La mise en évidence d’un syndrome inflammatoire chronique actif chez la vache B associée à des images caractéristiques sur la valve tricuspide (forme de fleur) orientent fortement vers une endocardite bactérienne.
Dans le cas des 2 autres bovins, l’analyse des liquides de ponction est nécessaire pour préciser le diagnostic.
Le liquide pleural de la vache A est une effusion néoplasique associée à un lymphome à grandes cellules (photo 5).Celui de la vache C est un transsudat simple avec signe d’hémorragie récente sans évidence de cellules atypiques, ce qui exclut l’hypothèse du lymphome.
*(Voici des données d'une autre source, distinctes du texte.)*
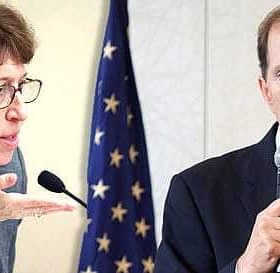 Two individuals in a discussion, one speaking into a microphone and the other gesturing with their hand. - Olive Oil Times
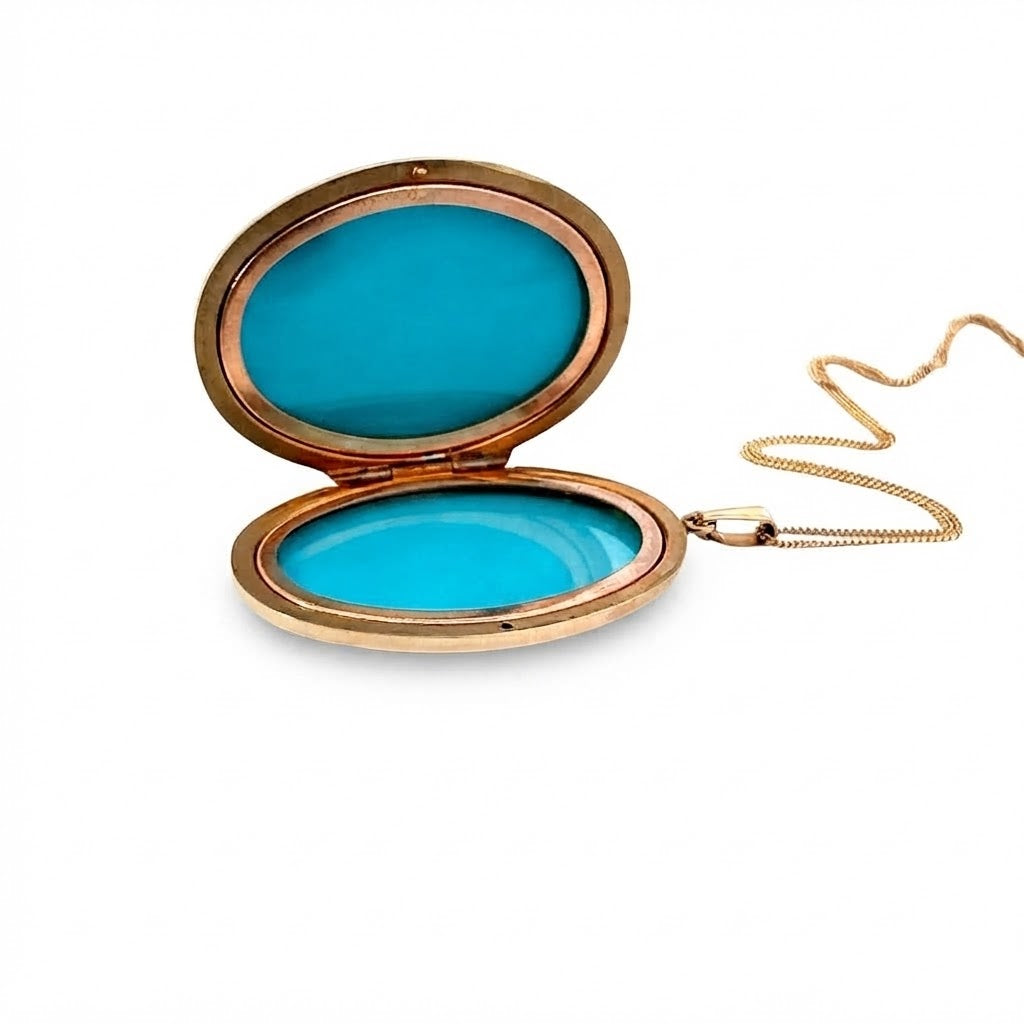 A 9 Carat Gold Engraved Oval Locket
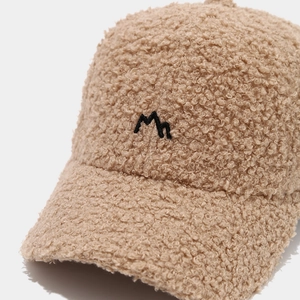 Detailed close-up of fluffy beige teddy fleece baseball cap with black peak embroidery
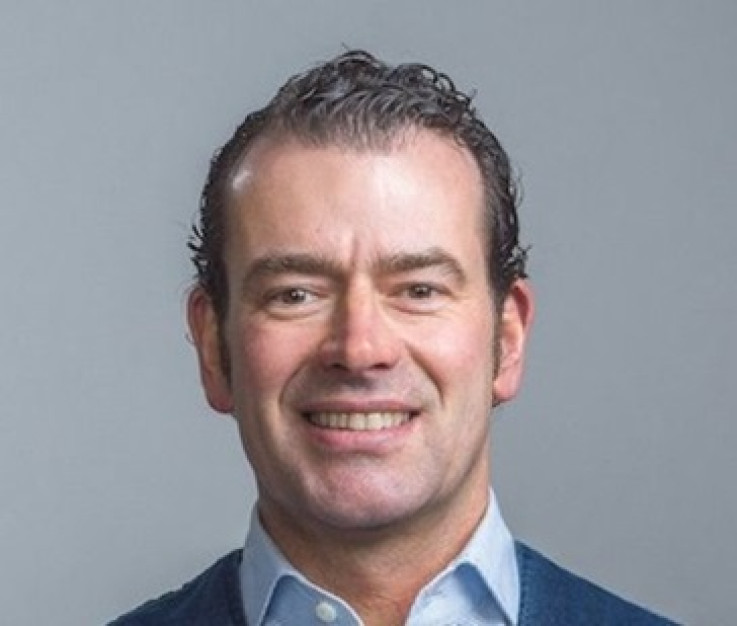 Portretfoto van wethouder Sidney van den Bergh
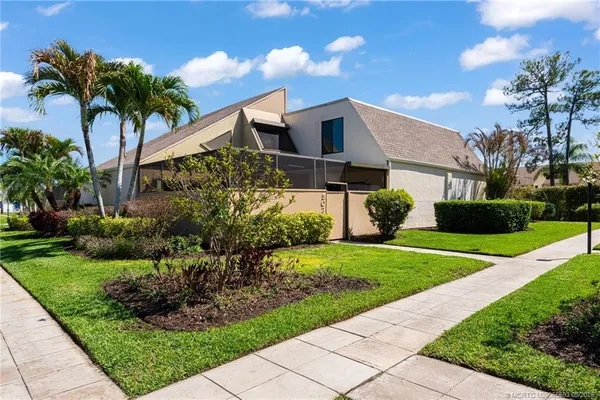 a front view of a house with a yard and potted plants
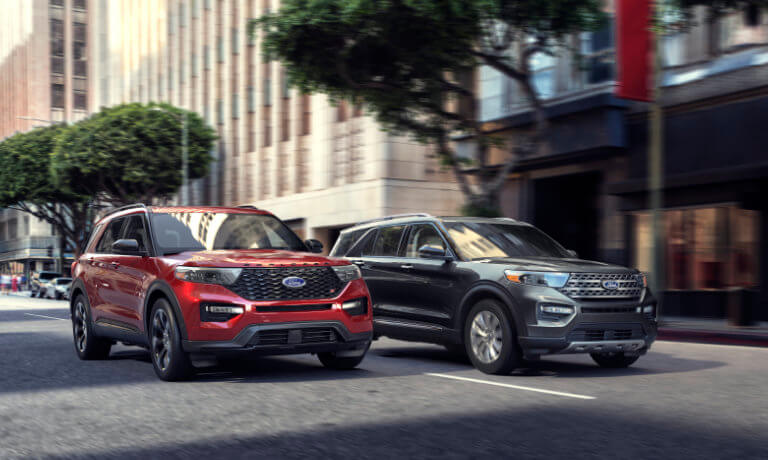 Two 2021 Ford Explorer driving in the city
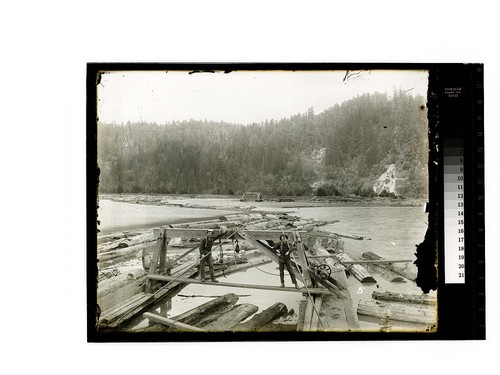 [Two men pose at work in a log pond]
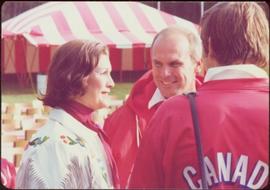 Commonwealth Games, Edmonton 1978 - Iona Campagnolo wears fringed white leather jacket while speaking with two unidentified men in red coats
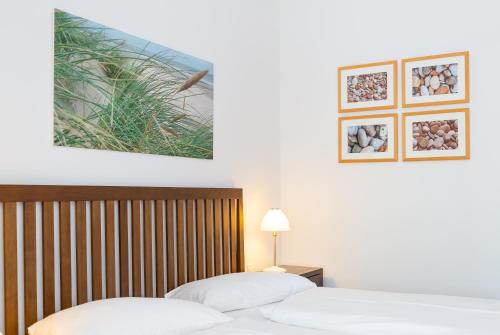 2 Betten in einem Hotelzimmer mit weißer Bettwäsche in der Unterkunft strandnahe und moderne FeWo mit Terrasse, Villa Ravensberg, Binz in Binz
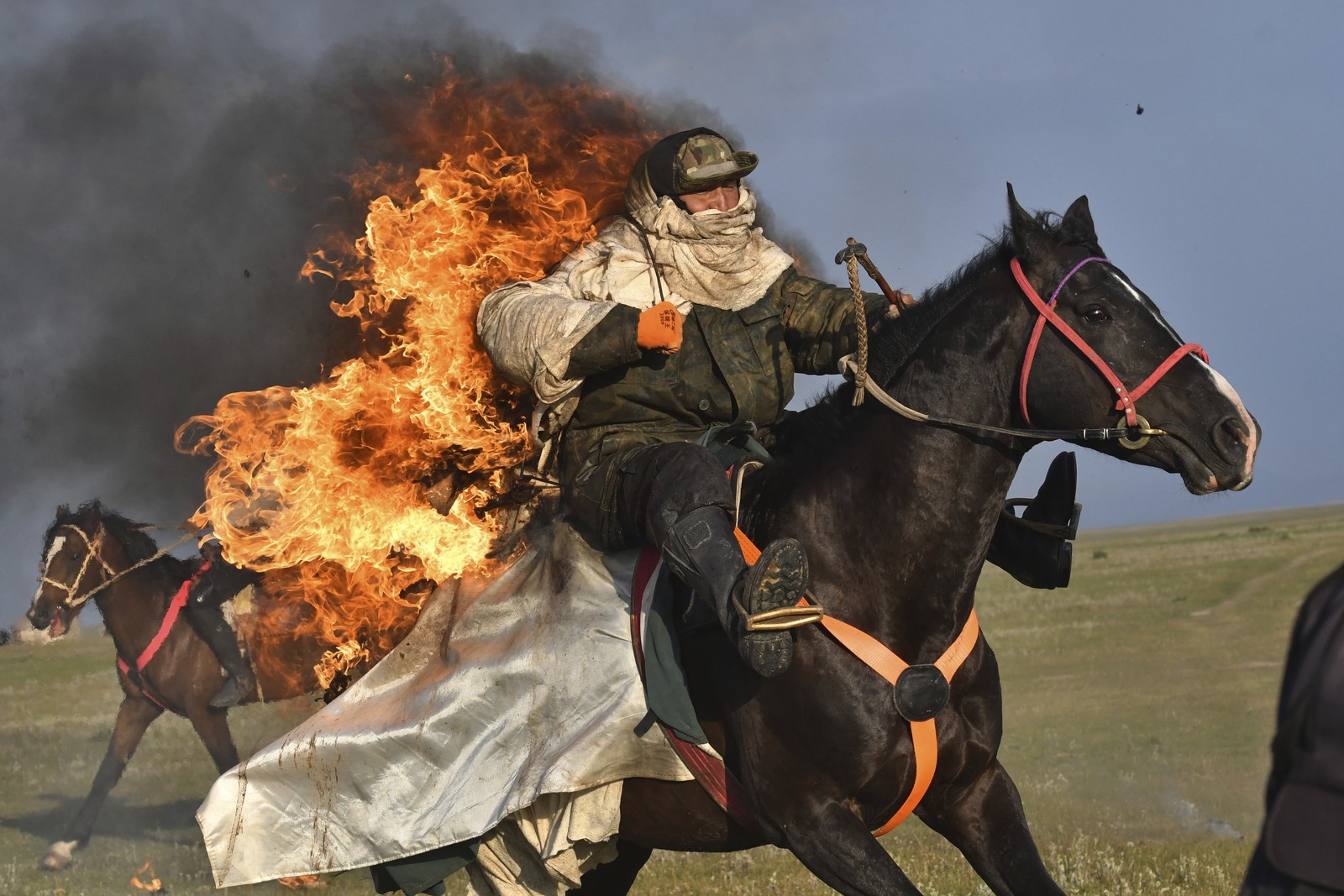 A rider on a horse, wearing flame-protective gear, rides with flames burning from their back, in a field.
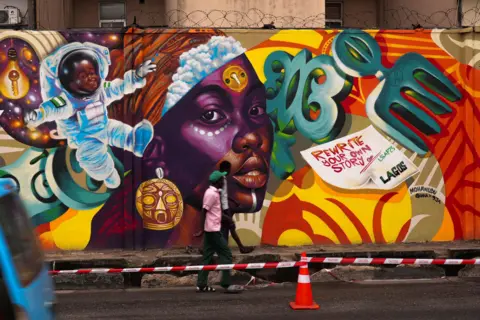 Sodiq Adelakun / REUTERS People walk past a brightly coloured mural featuring an astronaut and a woman with a purple stripe over her face, along with African artefacts and a message saying: Rewrite your own story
L’effusion péricardique est « un transsudat riche en protéines avec rare érythrophagie. Il n’y a aucune évidence de cellules atypiques. […] parfois associée à un matériel sécrétoire d’origine indéterminée ».
Cette conclusion est fortement évocatrice d’une péricardique idiopathique.
Le résultat du test de sérologie pour le virus de la leucose est positif.
Il s’agit d’une vache de 7 ans, presque tarie, à 2 mois du vêlage. L’éleveur pourrait mener cette vache à terme, afin de récupérer le veau, puis l’éliminer du troupeau. La transmission du virus de la leucose de la mère au veau est possible mais de faible incidence (14 %) [6]. Cependant, au cours de son hospitalisation, la vache montre une aggravation des signes respiratoires et une baisse de l’état général. Il devient très compliqué d’envisager de maintenir cette vache jusqu’au vêlage.
Il est décidé de l’euthanasier. Une autopsie est réalisée. Elle révèle une infiltration du lymphome dans un grand nombre d’organes : cœur, péricarde, utérus, caillette, rumen (photos 6 et 7).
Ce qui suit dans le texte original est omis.